• Goal of the exercise: Exactly the lines from the start of the entries through the line with "Mannen Ohio Word Art Donker T-shirt" are required in the output, with no pictures among them.

··· Records supplied ···

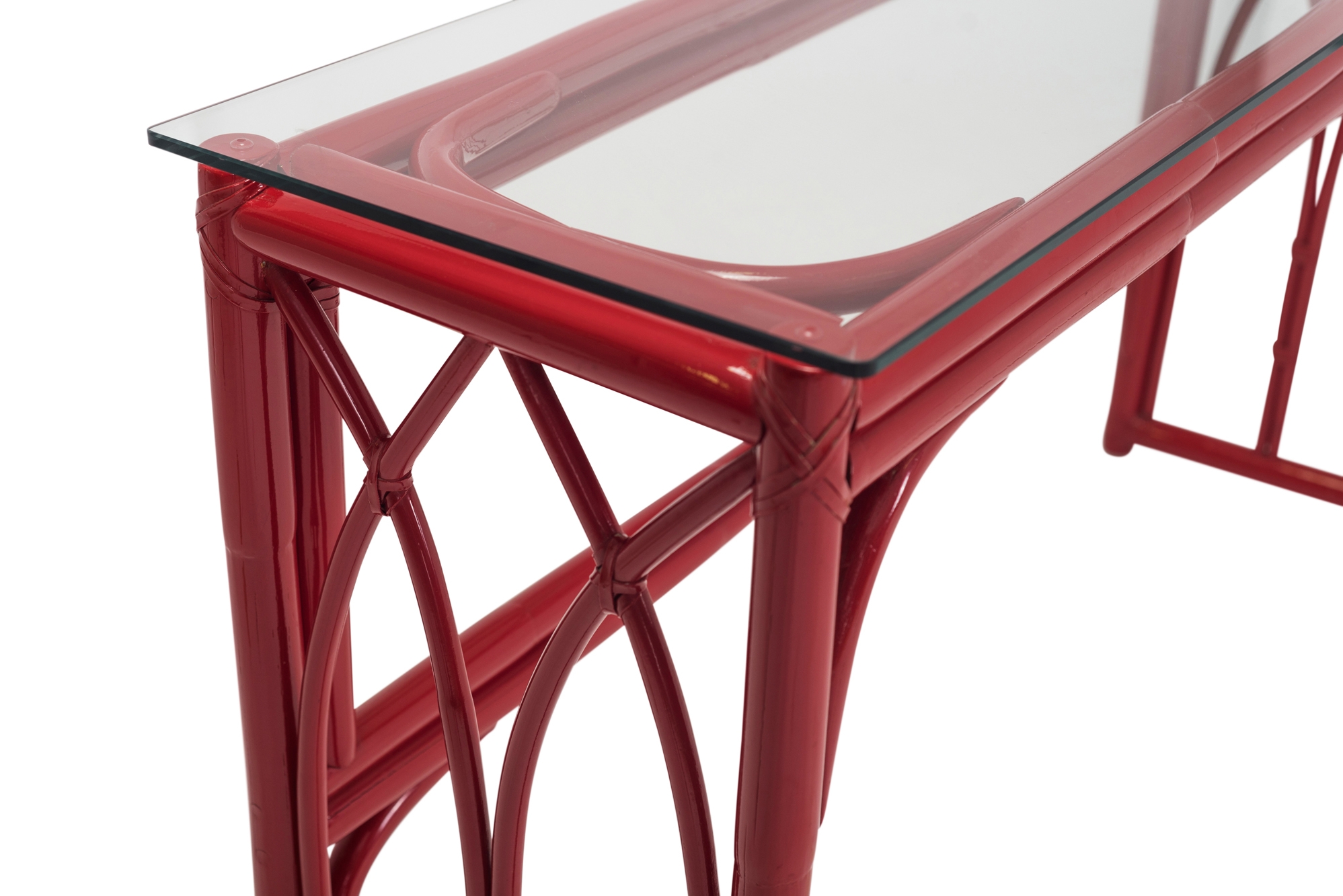 Lacquered Bamboo Vanity Table In Regency Style - 1970s
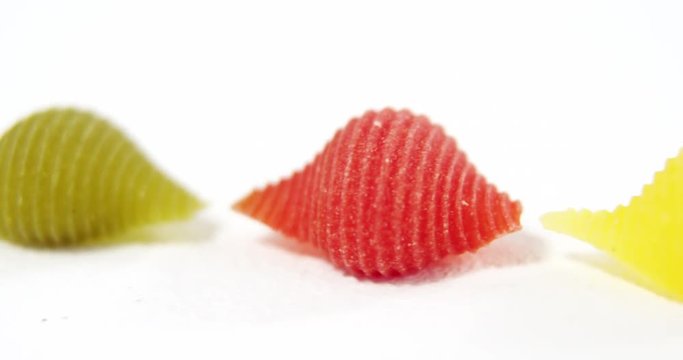 Colorful pastas on white background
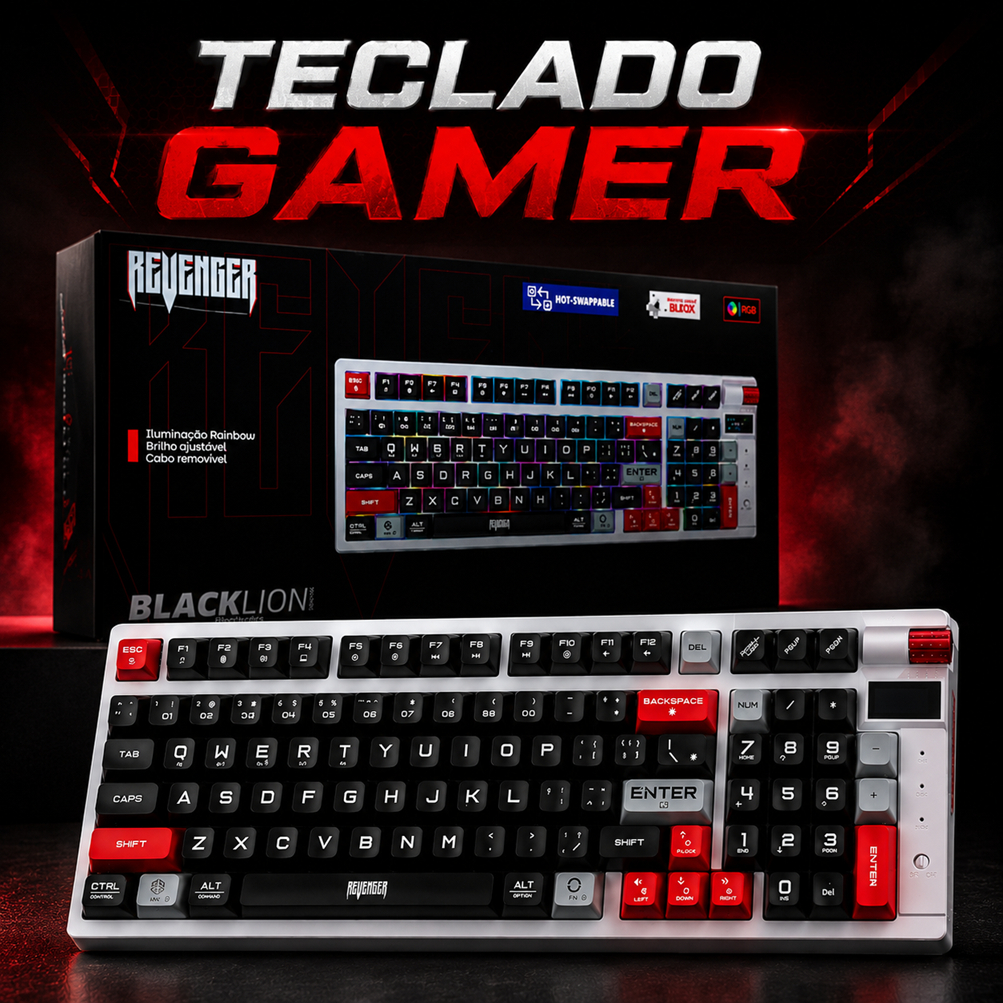 Teclado Gamer Mecânico Led RGB Rainbow Switch Black Anti-Ghosting Display Bluetooth/USB/2.4GHz Teclado Computador Gamer – foto na Shopee Brasil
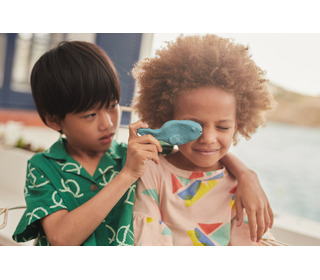 Multicolor sailboat ruffle dress - Bobo Choses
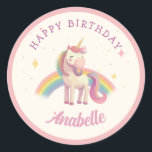 Watercolor Rainbow Unicorn Birthday Party Favour Classic Round Sticker<br><div class="desc">Rainbow unicorn with rainbow and stars on custom colour background. choose from multiple plate sizes and shapes. Border is optional</div>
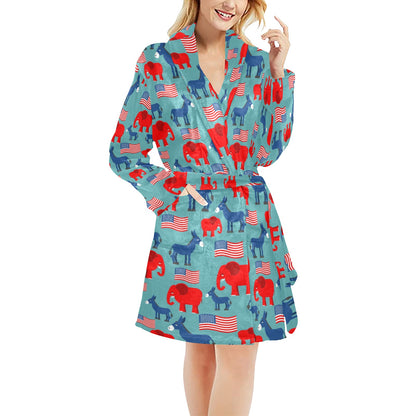 Donkey Red Elephant Pattern Print Design 03 Women's Fleece Robe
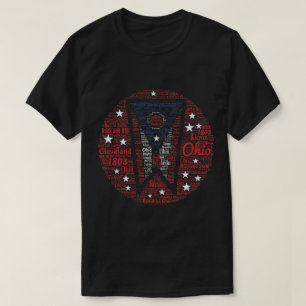 Mannen Ohio Word Art Donker T-shirt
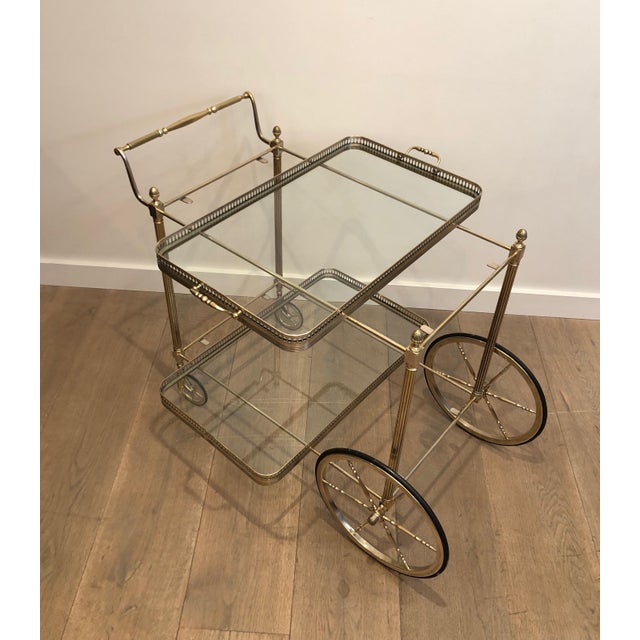 1940s Maison Bagués. Neoclassical Style Silvered Brass Drinks Trolley. French For Sale - Image 6 of 12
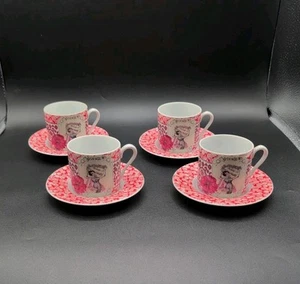 Gloria Vanderbilt 8 Piece Set Demi Tasse-Tasse Tea Cups,W/Saucers New Vintage - Picture 1 of 18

···

• Task output:
 Lacquered Bamboo Vanity Table In Regency Style - 1970s
 Colorful pastas on white background
 Teclado Gamer Mecânico Led RGB Rainbow Switch Black Anti-Ghosting Display Bluetooth/USB/2.4GHz Teclado Computador Gamer – foto na Shopee Brasil
 Multicolor sailboat ruffle dress - Bobo Choses
 Watercolor Rainbow Unicorn Birthday Party Favour Classic Round Sticker<br><div class="desc">Rainbow unicorn with rainbow and stars on custom colour background. choose from multiple plate sizes and shapes. Border is optional</div>
 Donkey Red Elephant Pattern Print Design 03 Women's Fleece Robe
 Mannen Ohio Word Art Donker T-shirt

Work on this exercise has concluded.